• [Directions for this task] Skipping all pictures, print exactly the lines below from the one with "Bikin Foto Jarak" through the final line.

── Data block

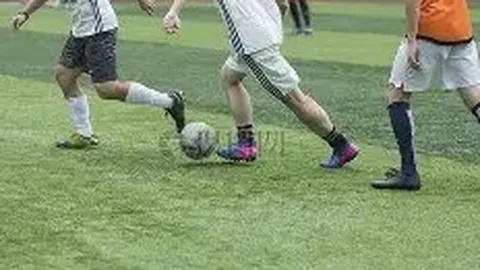 《阿森纳豪赌未来！揭秘16岁厄瓜多尔双胞胎金特罗兄弟加盟之谜》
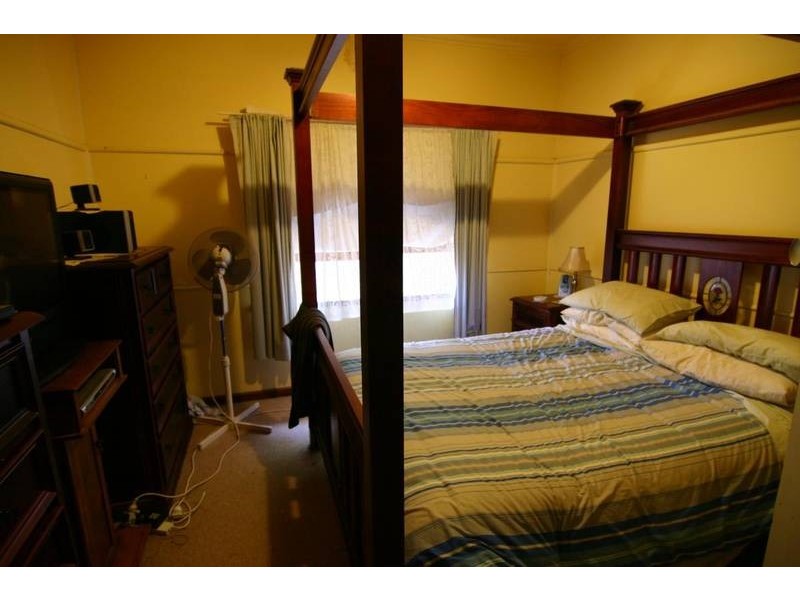 14 Bonnin Avenue, Ararat VIC 3377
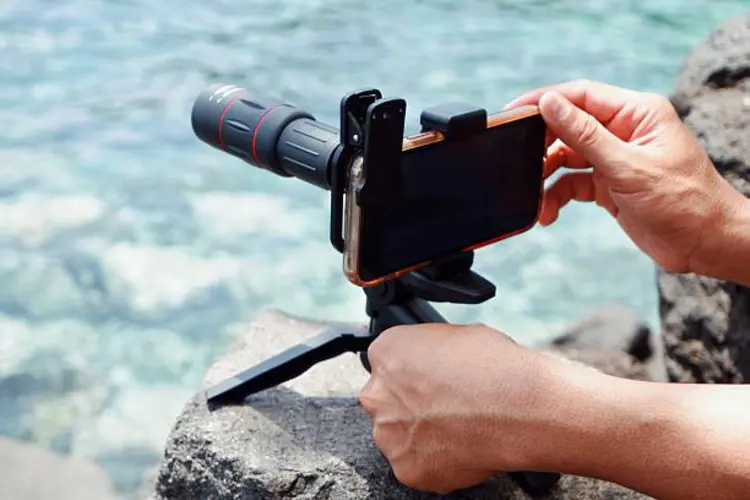 Bikin Foto Jarak Jauh Tetap Jelas, Begini Cara Pakai Lensa Telephoto untuk Kamera HP
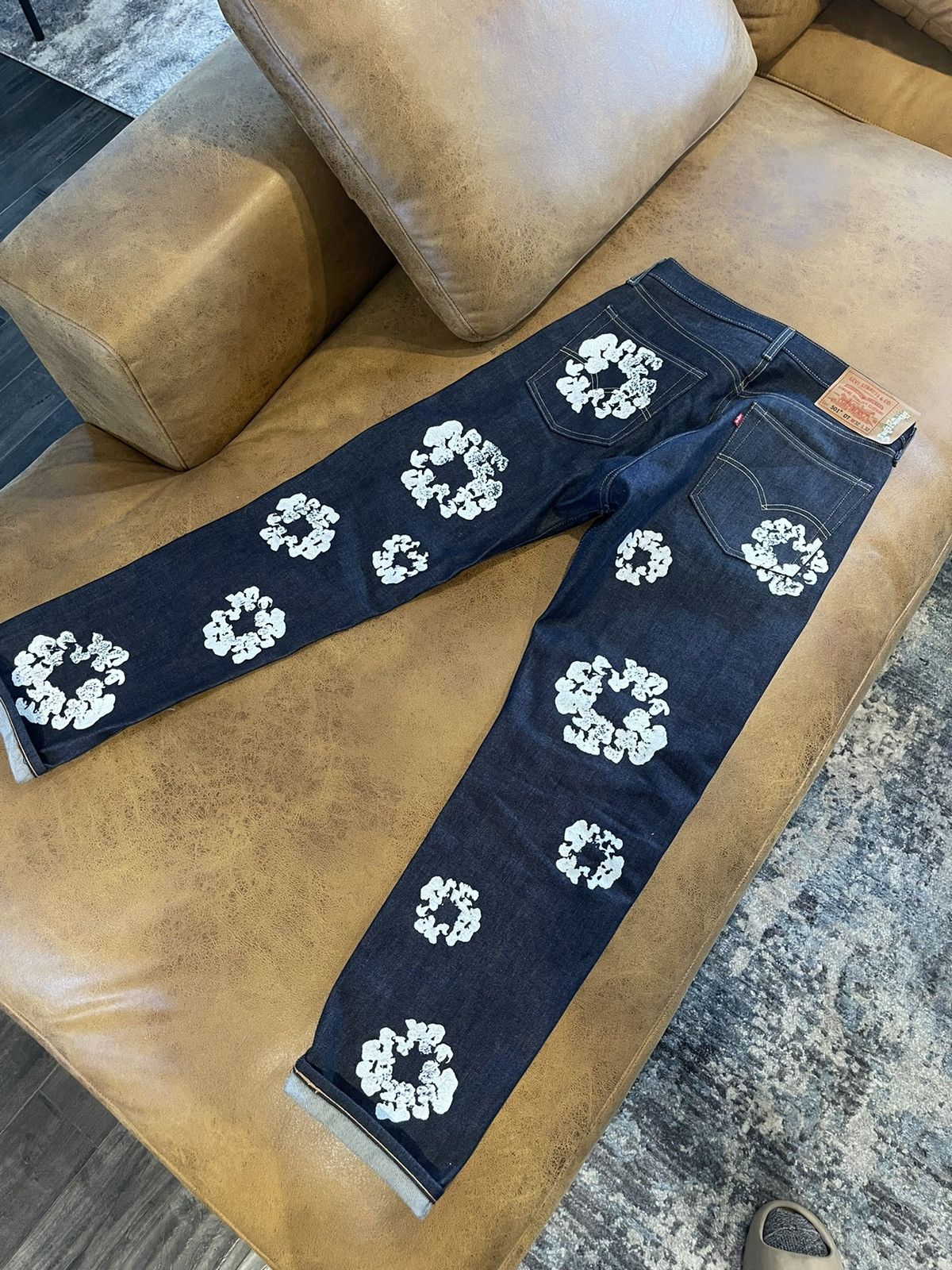 DENIM TEARS DENIM TEARS RAW BLUE COTTON WREATHS Size US 32 / EU 48 - 2 Thumbnail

────

• [Solution to the problem]
 Bikin Foto Jarak Jauh Tetap Jelas, Begini Cara Pakai Lensa Telephoto untuk Kamera HP
 DENIM TEARS DENIM TEARS RAW BLUE COTTON WREATHS Size US 32 / EU 48 - 2 Thumbnail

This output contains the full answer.